*Work to be completed*: Search the material and gather each line with "later" in it.

*Data excerpts*:
-------

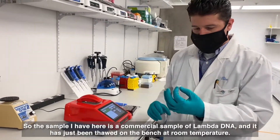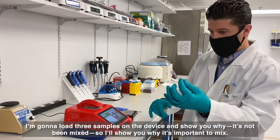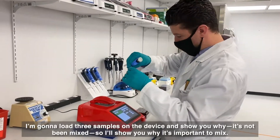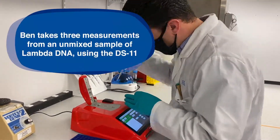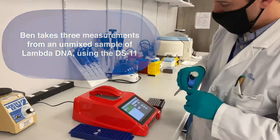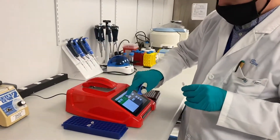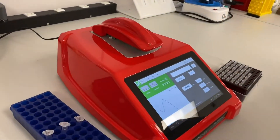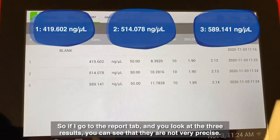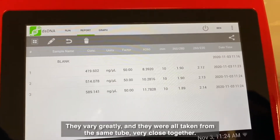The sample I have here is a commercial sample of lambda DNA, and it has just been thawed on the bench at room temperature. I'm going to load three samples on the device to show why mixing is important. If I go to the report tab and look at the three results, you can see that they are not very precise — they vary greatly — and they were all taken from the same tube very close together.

-------

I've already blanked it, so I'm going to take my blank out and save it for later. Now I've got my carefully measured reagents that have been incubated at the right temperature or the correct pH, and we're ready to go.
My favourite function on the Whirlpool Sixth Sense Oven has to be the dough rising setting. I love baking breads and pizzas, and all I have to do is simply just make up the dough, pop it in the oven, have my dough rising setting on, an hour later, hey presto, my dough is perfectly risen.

-------

*Solution*:
I've already blanked it, so I'm going to take my blank out and save it for later. Now I've got my carefully measured reagents that have been incubated at the right temperature or the correct pH, and we're ready to go.
My favourite function on the Whirlpool Sixth Sense Oven has to be the dough rising setting. I love baking breads and pizzas, and all I have to do is simply just make up the dough, pop it in the oven, have my dough rising setting on, an hour later, hey presto, my dough is perfectly risen.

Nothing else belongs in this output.